Let's look at it from the other side. Advertisers are thrilled with pandora and Spotify because they provide rich engaging content at an affordable price. And new streaming services are arising, Amazon etc. Pandora typically shows seven display ads per listener hour and runs 2.5 audio ads (of 15- or 30 seconds) per hour. Users might also see a video ad. Visual ads, on a CPM (cost per thousand impressions)basis, sell for $5-$7; audio ads, $8-$12; and video ads, $15-$25. Spotify I couldn't find the exact math, they charge about 10-30 dollars per thousand impressions and take in about 150,000 dollars an hour in ad revenue total.

So to be fair, let's look at a typical hour on pandora as $.08 per listener, pretty generous. (Thats a median amount for each ad area divided by a thousand (CPM) added together) That means that for every dollar you make as a musician Pandora makes 47.05 dollars, not that bad.

What is Pandora really? Its a website, that took a lot of work by programmers and marketers, it's a rainbow really, that occupies 5 floors of a skyscraper. A beautiful idea, about liberating music and a free wonderful listening experience for consumers combined with low cost advertising. I mean it does not get any better than that. And Spotify, those Swedes are fing geniuses.

The fact is the product that they are selling to consumers is your music. Your music makes up the backbone of an entire multibillion dollar streaming industry that you humbly pay someone to allow you to be part of.

What I'm getting at here is that musicians have a low self valuation. Much lower than is reasonable. Not that we should become dicks and make popular music any meaner than it already is, I'm not advocating that. But the idea that some of these services are offering us a handout, or 'giving' musicians something is not true.
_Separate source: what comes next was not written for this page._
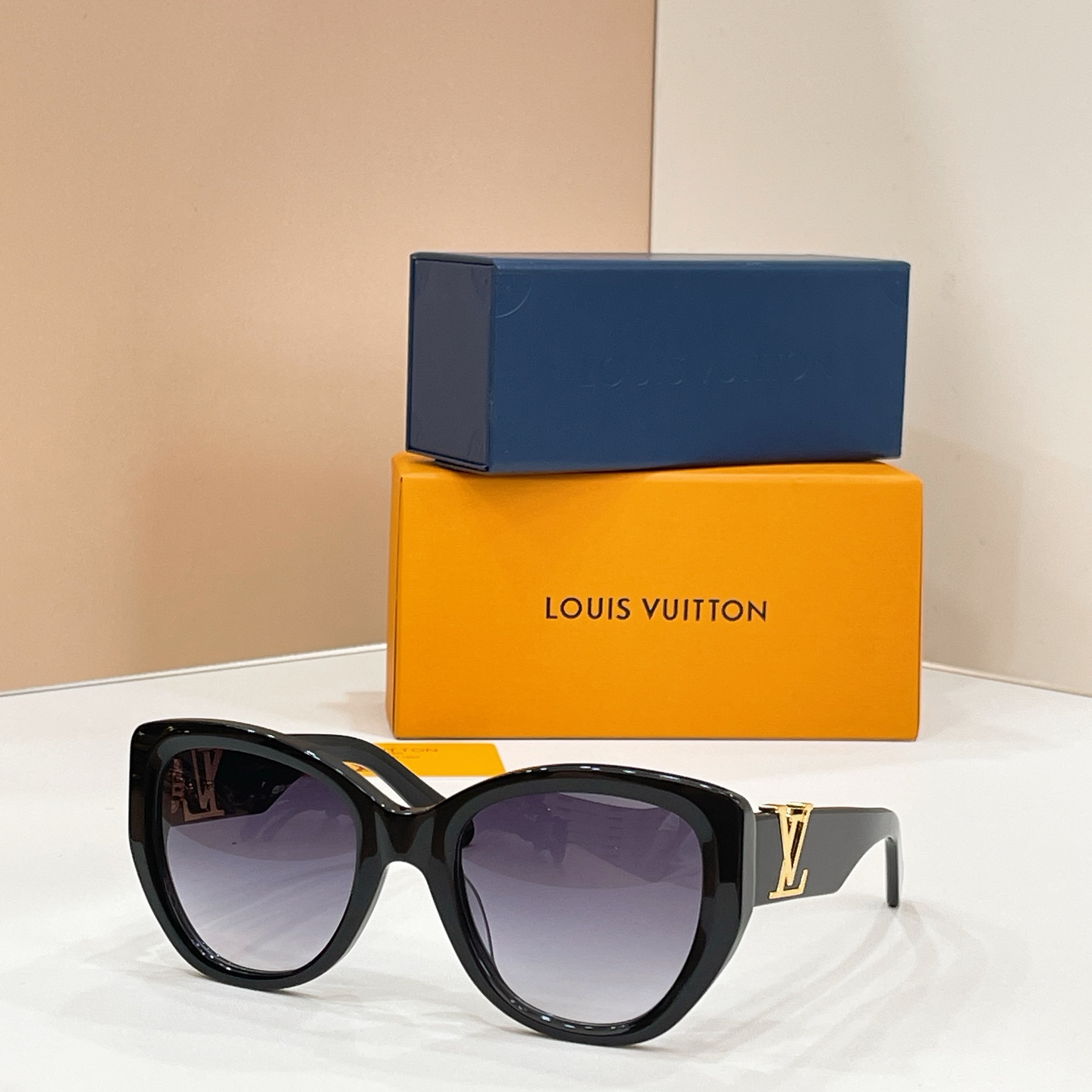 Louis Vuitton 13015073LOUIS VUITTO* MODEL：Z1733W SIZE：57口23-140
What's actually happening is that musicians are giving them something, and they, are selling it again for billions of dollars.

We've actually collectively fallen under an advertising spell, where we really love these corporations, and strangely, feel sorry for them and want to help them. If you watch the news about Spotify and Pandora for instance, say around the CPB case, these streaming companies complain that they don't have enough money, that they are not actually doing that well. They make musicians out to be selfish and greedy for wanting to make money themselves, because they don't manage their money well and don't want to offend the advertisers by charging more. They have the money to project their brand to consumers as a free awesome service, to musicians as great way to gain exposure, and to investors as a successful profitable corporation. I assure you their money problems are their fault. Their business model is based on music being worth nothing, and really that they should be paid to take it away. So when you're listening to them complain about not having that much money and not being able to pay, and you're starting to feel guilty, just stop.

One way to change the services outside of yelling about it is if their catalog was diminished significantly enough and people just began to go elsewhere, because they would. If enough musicians pulled their catalog's Spotify and Pandora wouldn't have anything to sell, and they would have to reconsider their payment practices or their services would go away. On a sidenote pirating is actually getting harder and harder because the internet is getting more and more regulated. So if the industry reverted to the sale of mp3s or wavs, this time that might work, not that it should revert, I don't know.

That's all I have to say, thank you.